This work addresses the challenge of autonomous driving systems struggling to handle rare or unforeseen scenarios in complex, open environments by proposing a novel five-layer MLOps architecture integrated with a collective learning mechanism. The architecture enables cross-fleet data collaboration and model sharing, and incorporates multi-level self-assessment to automatically identify and mitigate edge cases and black swan events. As the first framework to embed collective learning directly into the MLOps pipeline, this study provides a deployable blueprint for continuous learning and safety assurance in connected autonomous vehicles, significantly enhancing their adaptability and robustness in previously unencountered situations.
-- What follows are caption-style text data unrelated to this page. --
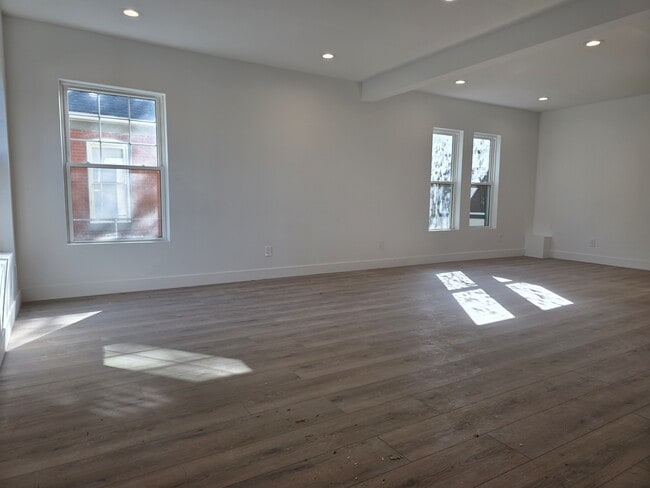 Building Photo - 2437 S Bannock St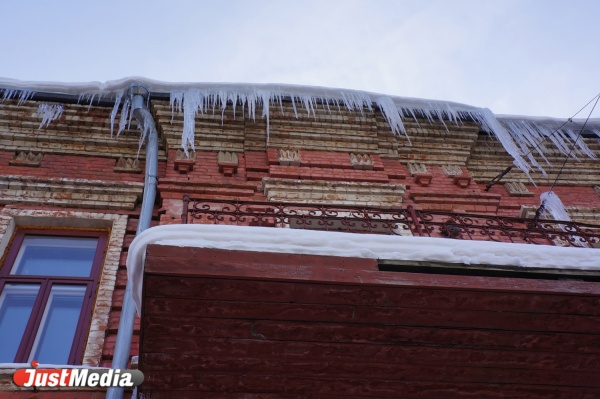 Якоб распорядился усилить борьбу с наледью и сосульками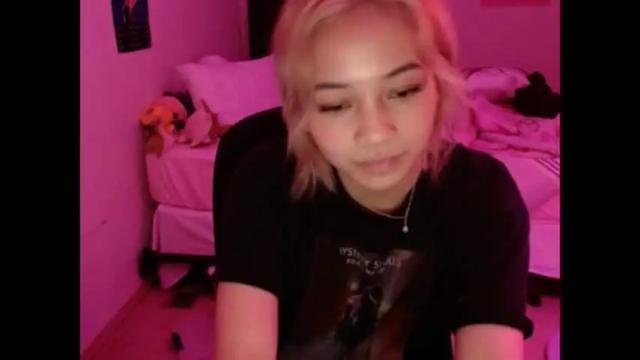 Image 2 of amateuroras Stream on Chaturbate on 15 months ago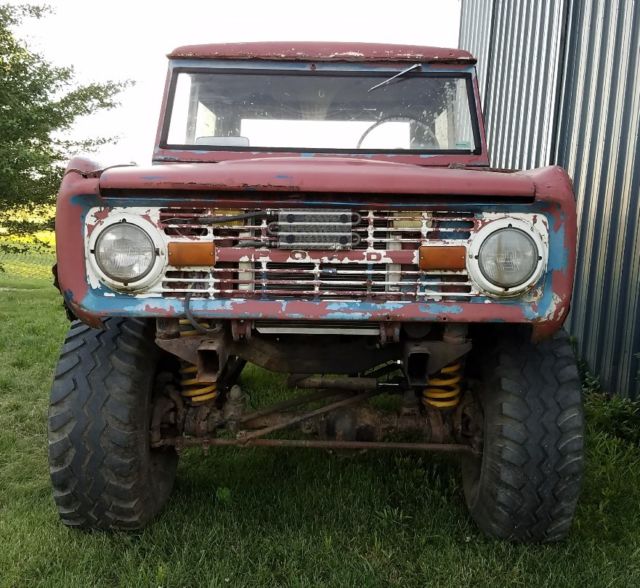 1974 Blue Ford Bronco SUV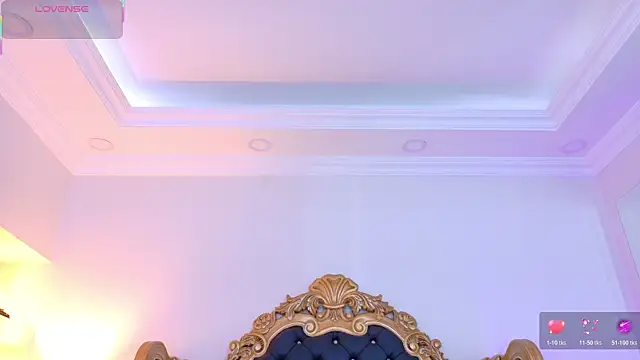 AdelinaVans online show from 04-22-26, 11:45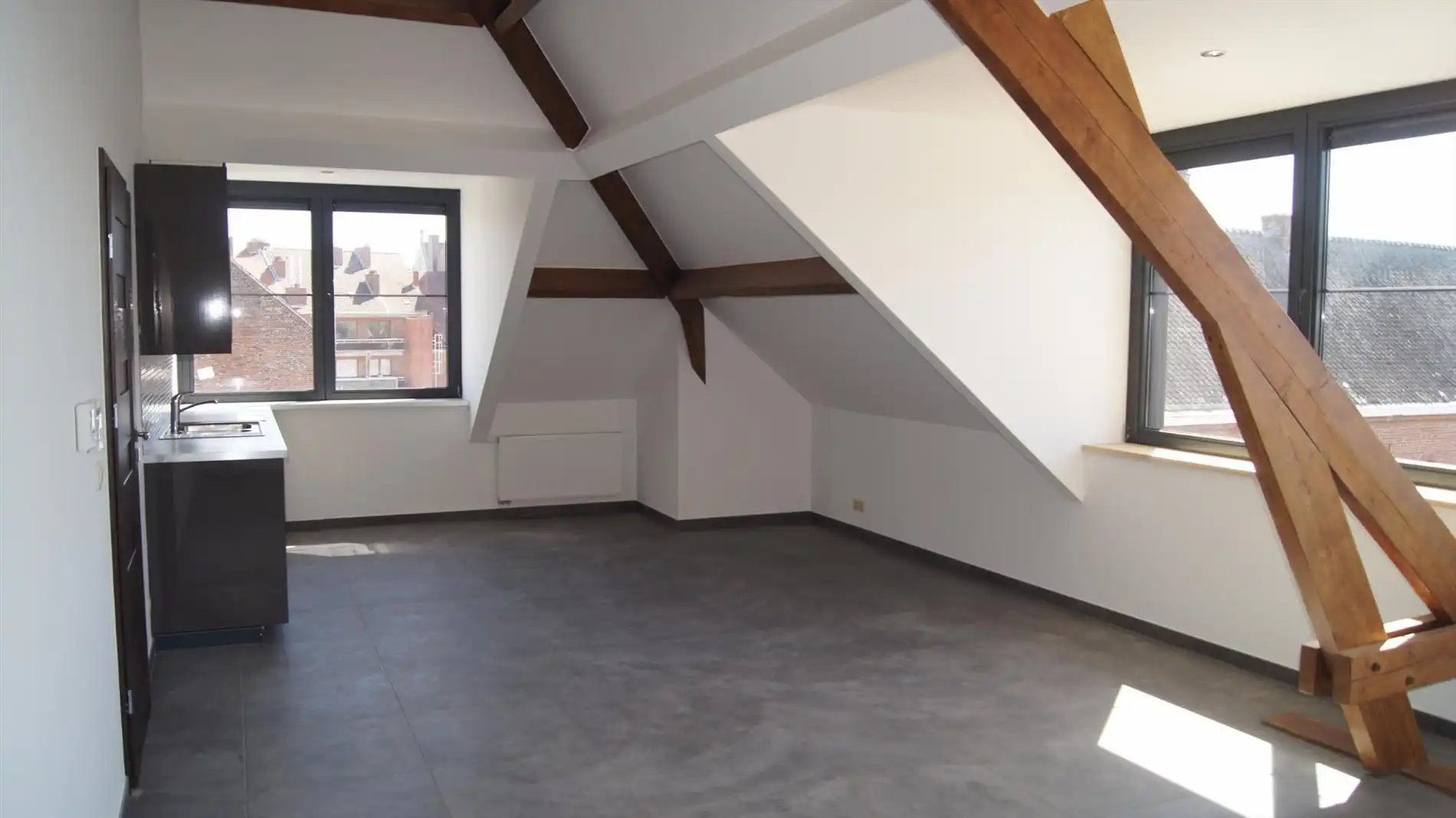 Prachtig dakapp. met 2 grote slpks pal in het centrum foto 2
The continual assurance of safety and performance of automated driving systems (ADSs) poses significant challenges. ADSs operate in complex, dynamic, open-world environments allowing a wide range of scenarios, including ones that are rare or not foreseen during initial development. While the incorporation of artificial intelligence (AI) and machine learning (ML) technology allows ADSs to learn from data gathered during operation and thus enables them to adapt over time, these approaches come with their own challenges. A key advantage of ADSs compared to human drivers is their greater ability to gather data collectively across a fleet of vehicles, or even across multiple fleets operated by different entities, and to learn from this data collectively. Vehicles can share and combine their data to identify additional learning opportunities otherwise missed by individual vehicles. This creates new opportunities to tackle the challenges of continual assurance of safety and performance, but requires the implementation of architectures that leverage the collective learning potential. Based on established MLOps principles and existing work in the field of connected automated driving, this paper presents a five-layer architecture for collective learning-enabled MLOps processes for ADSs. The goal of this architecture is to provide a conceptual blueprint for the design and implementation of MLOps processes by fleet operators and other relevant stakeholders. The paper describes the main responsibilities of each layer, their interactions, and how multi-level self-assessments enabled by the architecture can support the detection and reduction of edge cases including black swan events.